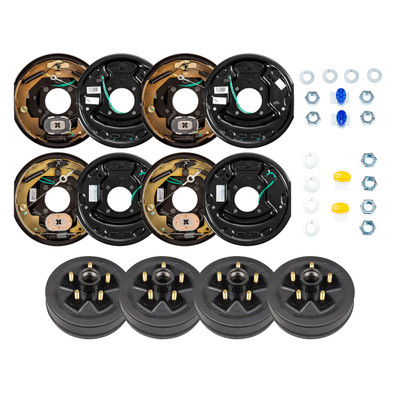Lippert 3,500 lb Brake Kit  2 Left & 2 Right Forward Self-Adjusting RV Brake Assemblies (10" x 2.25") with 4 Trailer Brake Hubs (10", 5 on 4-1/2", 1/2" Studs) LIPKITBEDI3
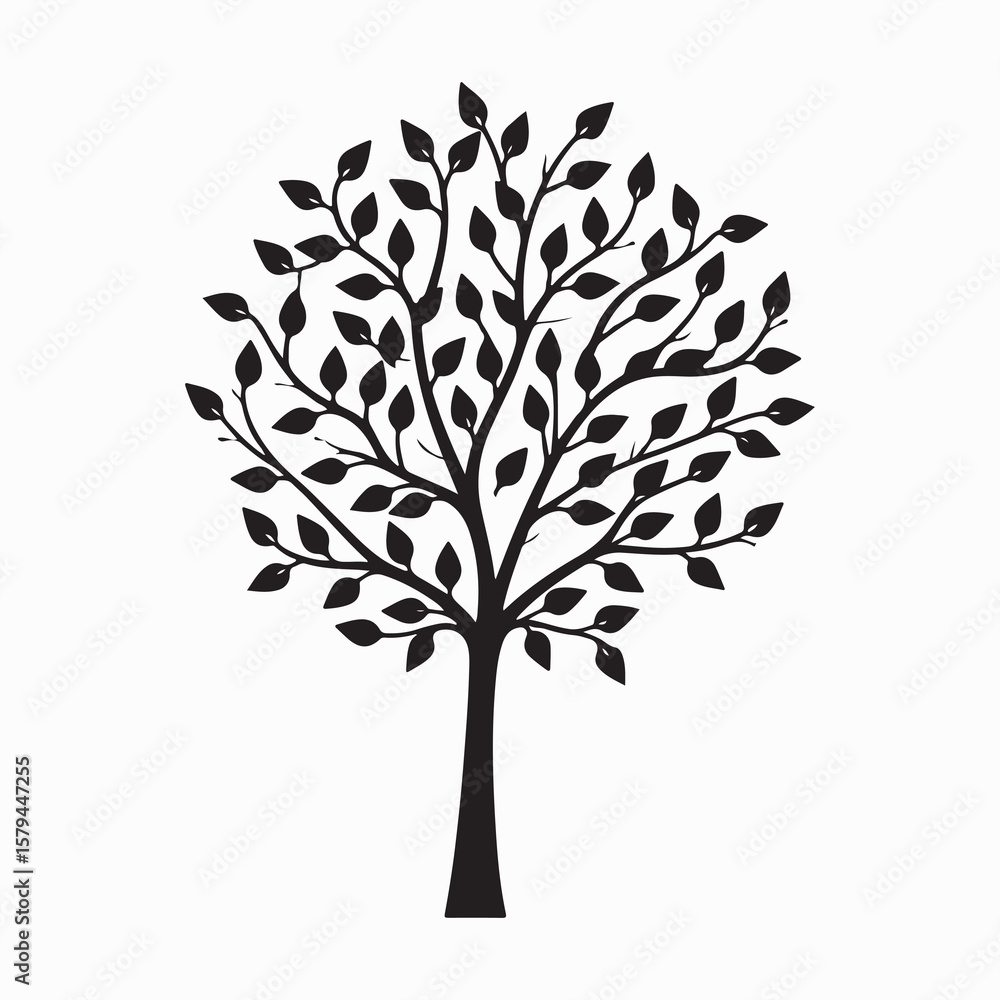 Fototapeta premium Fantasy tree. Organic concept. Simple graphic. Vector illustration.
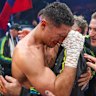 Jai Opetaia breaks down in tears after winning the world title.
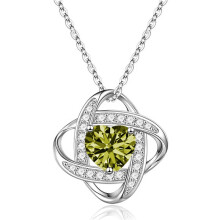 (【August】Light Green Diamond, Gold color) Women's New Eternal Heart S925 Sterling Silver Double Layer Necklace, 12 Birthstone Pendant Choker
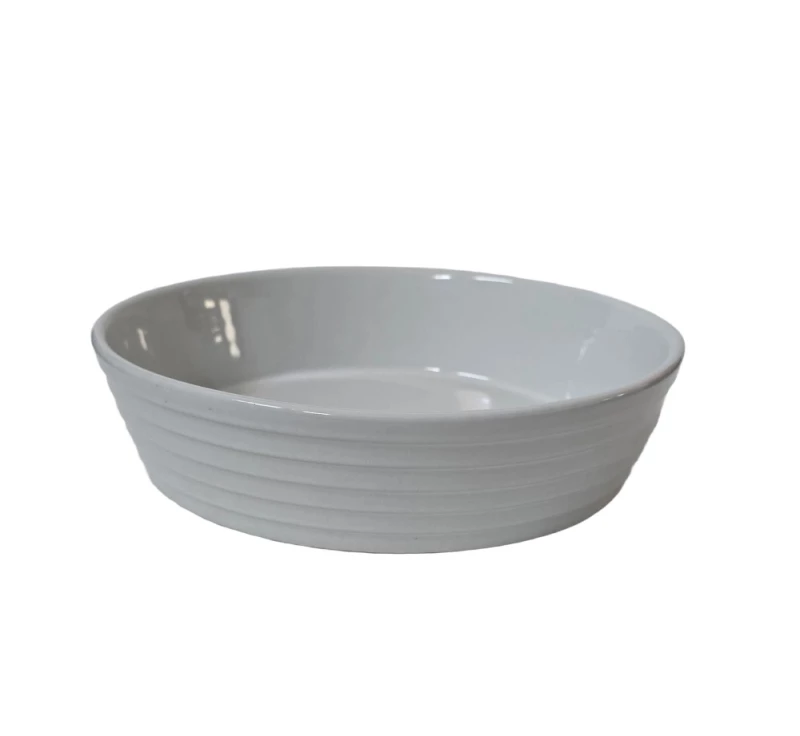 Vas termorezistent rotund alb pentru gatire si servire, 23 x 5.5 cm - Imagine 2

▶ Work to complete: Take every line of the material and copy it exactly, leaving out the pictures.

▶ Answer:
Lippert 3,500 lb Brake Kit  2 Left & 2 Right Forward Self-Adjusting RV Brake Assemblies (10" x 2.25") with 4 Trailer Brake Hubs (10", 5 on 4-1/2", 1/2" Studs) LIPKITBEDI3
 Fototapeta premium Fantasy tree. Organic concept. Simple graphic. Vector illustration.
 Jai Opetaia breaks down in tears after winning the world title.
 (【August】Light Green Diamond, Gold color) Women's New Eternal Heart S925 Sterling Silver Double Layer Necklace, 12 Birthstone Pendant Choker
 Vas termorezistent rotund alb pentru gatire si servire, 23 x 5.5 cm - Imagine 2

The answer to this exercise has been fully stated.